Mas, aos 46 anos, Kissin apresenta-se ao mundo como um homem resolvido: recém-casado, de regresso à Deutsche Grammophon (um quarto de século depois, precisamente como quem faz as pazes com o período mais impressionável do seu passado) e reconciliado com Beethoven (“Nunca senti que Beethoven me fosse menos próximo do que Chopin, mas precisei de muito tempo para tocar a sua música a um nível, digamos, adequado, de maneira a soltar-me nela enquanto intérprete”, diz). Agora, calcula-se que esta edição sirva para celebrar a união entre afinidade e habilidade. Nem sempre nas melhores condições técnicas, entre 2006 e 2016, são gravações feitas em recitais delineados à medida da disponibilidade metafísica das elites de Seul, Nova Iorque, Viena ou Verbier: da Sonata Nº 3, com um imaginativo Adágio em que se compensa uma incogitável falta de poesia, à Nº 14 (“Ao luar”, atmosférica e evocativa); da Nº 23 (“Appassionata”, eruptiva e eloquente) à Nº 26 (uma caprichosa “Les adieux”) e à Nº 32 (em partes iguais aliciante e alienante). Mas é em “32 Variações em Dó menor”, curiosamente, que Kissin se redime em definitivo, pondo fim à repressão do melhor Beethoven que havia em si.

Bill Evans “Another Time: The Hilversum Concert” (Resonance, 2017)

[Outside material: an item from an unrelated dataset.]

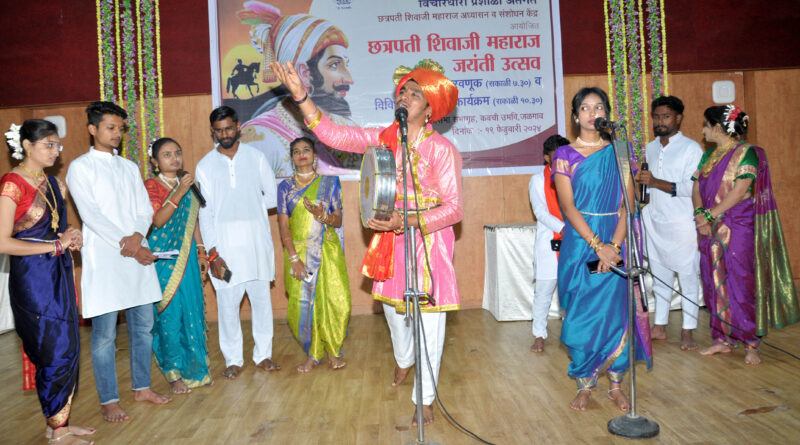celebrated Shiv Jayanti at kavyitri Bahinabai Choudhary North Maharashtra University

É uma editora dada à hipérbole, a Resonance. “Este não é um álbum qualquer”, escrevia Zev Feldman, seu produtor, em fevereiro de 2016, a propósito de “Some Other Time: The Lost Session from the Black Forest”. Trata-se de um testemunho “notável de um período pouco documentado na carreira de um dos ícones do jazz”, continuava, “um grande álbum que obrigará a reescrever os livros de História”. Resumindo: “É o único disco gravado em estúdio por Bill Evans com Eddie Gómez e Jack DeJohnette”, uma frase que dava a volta ao único registo oficial do trio, “Bill Evans at the Montreux Jazz Festival”. Um ano depois, em fevereiro de 2017, portanto, Feldman estava à cata de palavras: “O Marc Myers [jornalista, crítico de jazz e autor das notas de apresentação de “Some Other Time”] escreveu-me a dizer que foi contactado por um entusiasta holandês que nos queria alertar para o facto de haver uma outra gravação deste trio captada a 22 de junho de 1968 nos estúdios da emissora nacional, em Hilversum”.

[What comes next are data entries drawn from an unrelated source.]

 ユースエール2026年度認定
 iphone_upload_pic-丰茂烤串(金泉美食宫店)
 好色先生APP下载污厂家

Pense-se em Jeffrey “The Dude” Lebowski no banco de trás de uma limusina a explicar-se perante Jeffrey “The Big” Lebowski que se terá uma versão mais abreviada da coisa: “Vieram a lume umas merdas novas, pá!” Oportunidade, então, para a Resonance elevar ainda mais a fasquia: “É tão importante quanto o trio que Evans liderou em 1961, com Scott LaFaro e Paul Motian”, diz Myers. Dificilmente. Parece ignorar-se que, nisto, mais vale agradecer com a verdade, que ofender com a lisonja. E havia uma forma mais humilde de dizer ao que se vinha. Bastava seguir à boleia de uma famosa frase de Evans, impressa na contracapa de “Kind of Blue”, em que se sugeria uma equivalência entre a técnica de pintura Sumi-e, no Japão, e a improvisação, e dizer que aqui se procedia de acordo com a visão do mundo Wabi-sabi, ancorada na estética do belo que é “imperfeito, impermanente e incompleto”. Aliás, a mais-valia é exatamente essa: perante a inadequação de DeJohnette e a inibição de Gómez, como no Kintsugi (o restauro a ouro de cerâmica lascada), eis Evans a reparar delicadamente peças partidas – em paz com o destino.

21 de outubro de 2017

Brahms: Peças Para Piano (Decca, 2017)


A elaborar notas de apresentação para este disco, pede-lhe Misha Donat para sintetizar o que significa, ao certo, voltar à “Sonata para Piano Nº 3 em Fá menor”, Op. 5, de Johannes Brahms (1833-1897), e Nelson Freire, que a gravou pela primeira vez há 50 anos, sai-se com uma platitude zen: “É como quando você vê de longe uma montanha imensa, e, depois, ao se aproximar, começa a reparar nos rios e nas árvores que a constituem.” Corretíssimo. “Primeiro há uma montanha / Depois não há montanha nenhuma / Depois há”, cantava Donovan, em ‘There Is a Mountain’, precisamente em 1967, dando seguimento à formulação com que Qingyuan Weixin (século IX) resumia a nossa relação com a natureza das coisas: “O primeiro estágio é ver a montanha como montanha e o rio como rio; o segundo, ver a montanha não como montanha e o rio não como rio; e o terceiro, ver a montanha ainda como uma montanha e o rio ainda como um rio.” Nada disto teria muita importância, claro, não fosse o facto de lembrar um axioma comum a Brahms (pelo menos, ao Brahms crepuscular das Peças e Fantasias para piano, de 1892 e 1893), a Freire e, pelos vistos, a budistas: que há uma etapa na vida a que só tem acesso quem já passou pela experiência do desapego.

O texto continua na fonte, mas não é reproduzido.